■ WHAT NEEDS TO BE DONE
The reply should consist solely of the lines from the one with "Gray Display cabinet." through the final line of the listing, copied exactly, with no pictures.

■ THE DATA
# # #
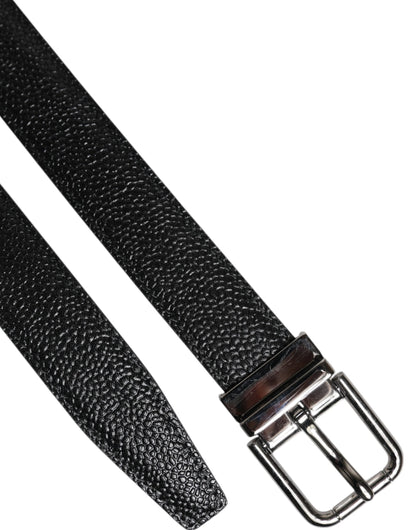 Dolce & Gabbana Black Textured Leather Silver Metal Buckle Men Belt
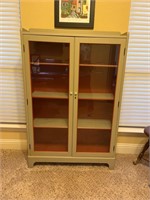 Gray Display cabinet. Dimensions are 35 1/4 wide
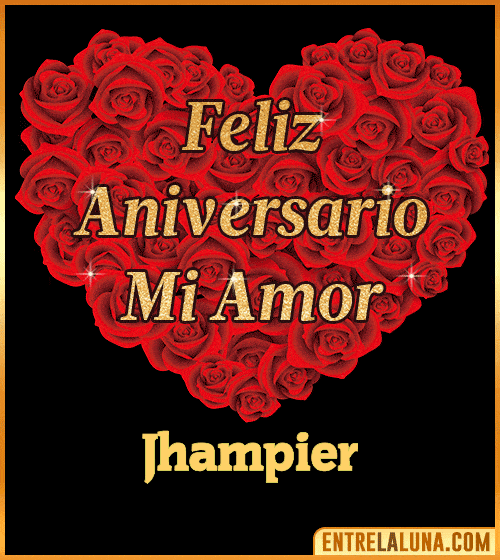 Corazón con Mensaje feliz aniversario mi amor Jhampier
# # #
■ ANSWER SECTION
 Gray Display cabinet. Dimensions are 35 1/4 wide
 Corazón con Mensaje feliz aniversario mi amor Jhampier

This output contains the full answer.